Architecture

SecureBench runs benchmark packs through a fixed pipeline: load rows, compile tasks with visibility lanes, produce candidates in a harness sandbox, verify in a trusted phase, and write JSONL records.

Major components

Figure: five-stage pipeline and the agent versus verifier trust boundary.

Tester YAML
Run id, benchmark paths, harness, verification policy
Compile pack
Load manifest and rows, validate schemas, build task resources
Produce candidate
Materialize public inputs, run harness, extract artifact
Verify candidate
Stage evaluation inputs, run verifier in a fresh sandbox
Write results
Append redacted candidate and verification record

Sandbox 1

Candidate production

Seespublic

Harness receives the agent payload only.
No verifier code or evaluation inputs present.

Sandbox 2

Trusted verification

Seesevaluation_inputs

Fresh sandbox per check with evaluation inputs.
Family verifier computes the score.

Candidate production and verification are separate phases. Harnesses receive only the agent-visible payload. Verifiers run later with trusted evaluation inputs or hidden resources, depending on the family.

Package layout

Package / module	Responsibility
`benchmark_pack.py`	Manifest and JSONL row loading
`benchmark_compiler.py`	Row-to-`SecureBenchTask` compilation and eval visibility mapping
`tasks.py`	Normalized task model, component views, and payload helpers
`resources.py`	`Resource`, `ResourceBundle`, visibility, and redaction
`tester_config.py`	Tester YAML schema 0.2 parsing
`tester_run.py`	Orchestration and JSONL serialization
`cli.py`	`securebench run` command
`families/`	Family contracts and row schema validators
`harnesses/`	Candidate producers: `command`, `codex`, `claude_code`
`candidates/`	`CandidateArtifact` and extraction logic
`verifiers/`	Family verifiers and registry
`sandboxes/`	`HostSandbox`, `DockerSandbox`, `PolicySandbox`
`workspaces/`	Resource materialization and path policy
`dangerous_commands.py`	Verifier-only dangerous command policy
`progress.py`	CLI progress events

Resource visibility

Every compiled task carries a ResourceBundle. Each resource has one visibility.

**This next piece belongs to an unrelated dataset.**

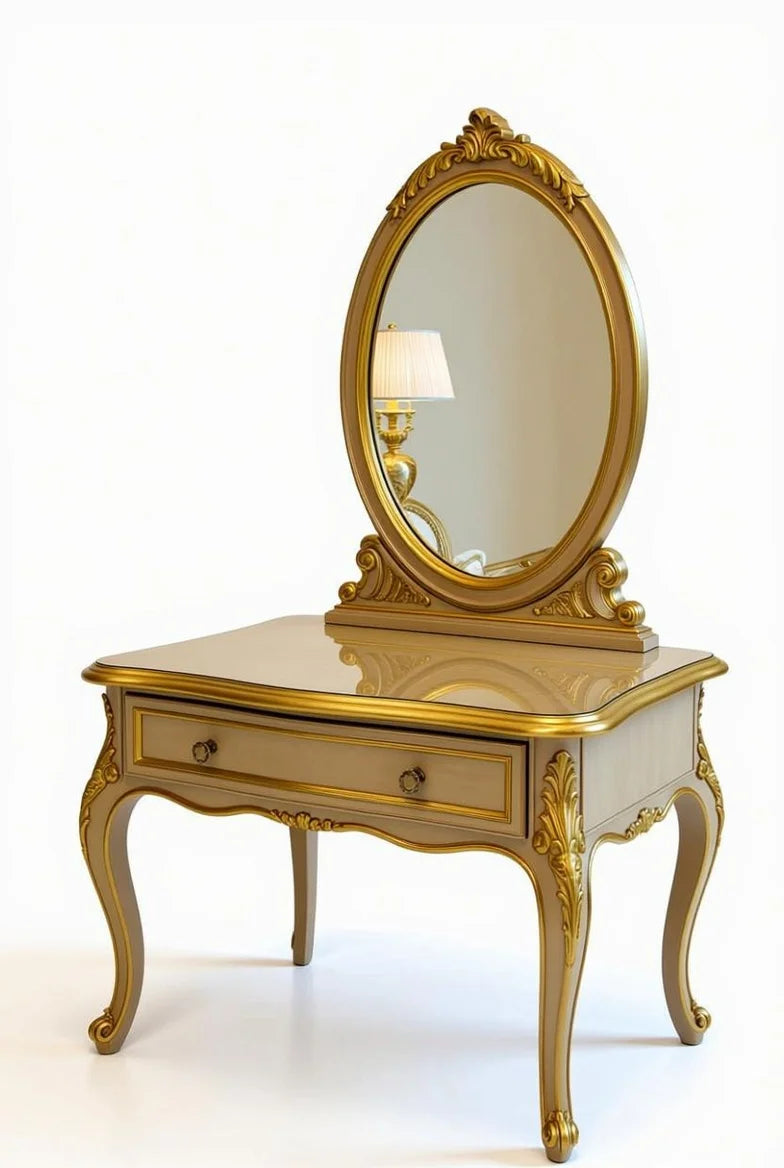 Elegant royal French provincial dressing vanity with gold ornate oval mirror.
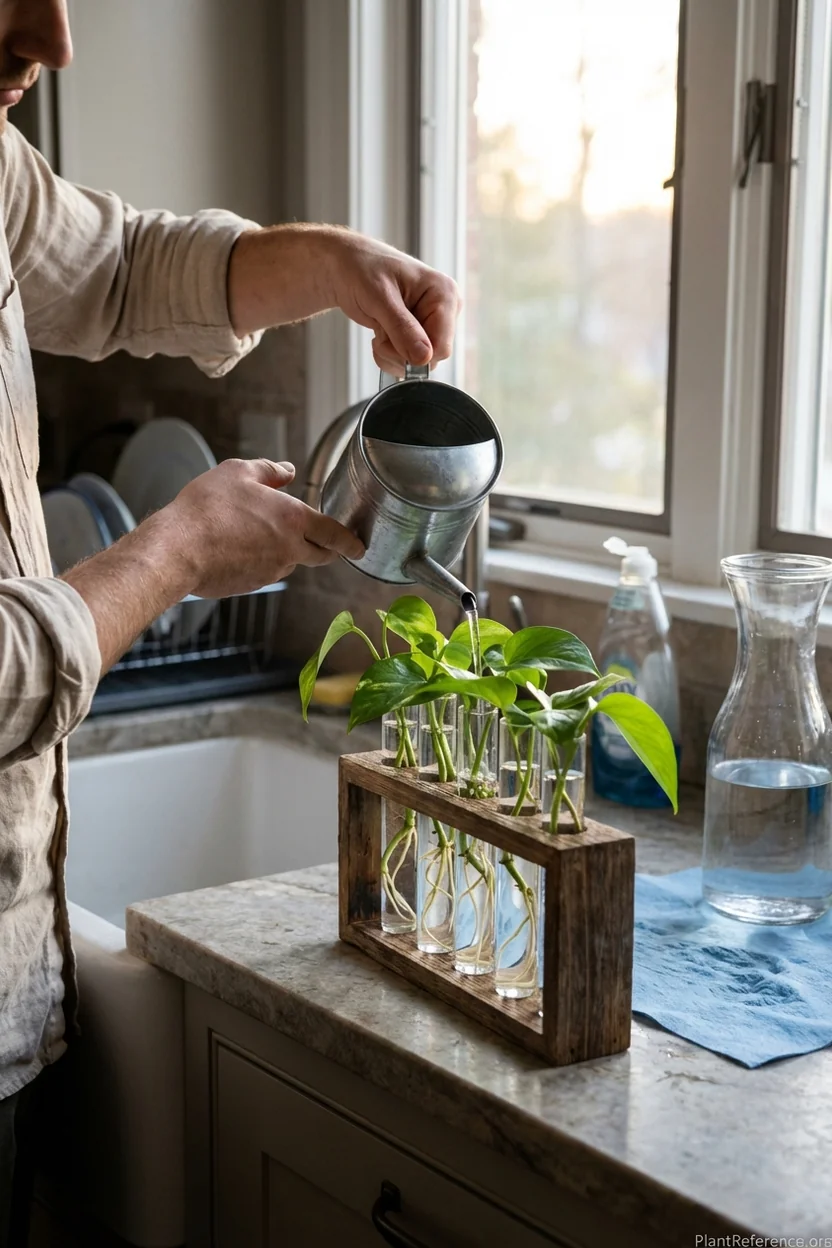 Hands changing water in multi-tube propagation station for hydroponic pothos care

Visibility	Agent	Test sandbox	Evaluator	Result summary
`public`	yes	yes	yes	value shown
`evaluation_inputs`	no	yes	no	redacted
`hidden`	no	no	yes	redacted

The evaluator component view includes public and hidden, not evaluation_inputs. Verifiers that need tests or checkers on disk materialize with component test_sandbox, which includes evaluation_inputs.

SecureBenchTask exposes:

agent_payload() for the agent view
evaluation_payload() for the test sandbox view
hidden_payload() for the evaluator view

Harnesses must use task.agent_payload(), which is an alias of public_payload(). They must not receive the full task object.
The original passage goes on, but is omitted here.